The Clean Reader app

The Clean Reader app

Have you heard about the Clean Reader app? Its release has caused quite a stir in the reading and writing communities.

This free app, whose tagline is ‘Read books, not profanity’, allows you to blank out swear words in an ebook, so that they aren’t displayed on your ereader screen. You have a choice of three levels:

  • Clean, which only blocks major swear words from display.
  • Cleaner, which blocks everything that Clean blocks plus more.
  • Squeaky Clean, which is the most restrictive setting and will block the most profanity from a book including some hurtful racial terms.

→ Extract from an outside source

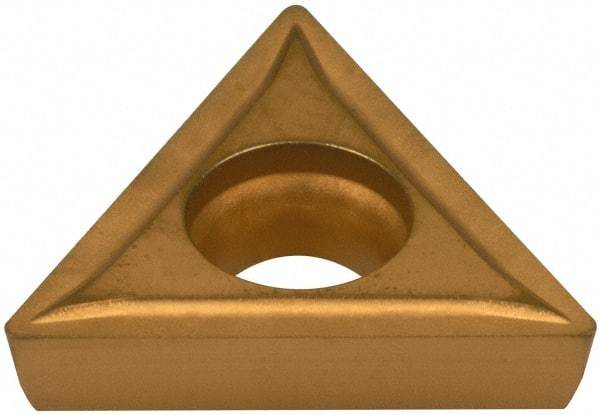Hertel - TPMT321 GP Grade HC620B Carbide Boring Insert - TIN/TIC/TICN/TIN Finish, 60° Triangle, 11° Relief Angle, 3/8" Inscr Circle, 1/8" Thick, 1/64" Corner Radius - Americas Industrial Supply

The developers made the book with children in mind; they explain on the website:

One day our oldest child came home from school and she was a little sad.  We asked her what was wrong and she said she had been reading a book during library time and it had a few swear words in it.  She really liked the book but not the swear words.  We told her that there was probably an app for this type of thing that would replace profanity with less offensive words and perhaps we should get her a tablet that she could use to read books with.  To our surprise there wasn’t an app like this.  The more we thought about this idea the more we wanted it to be a reality. 

But in fact, the app has widespread applications for adult readers who prefer not to read profanity in a book.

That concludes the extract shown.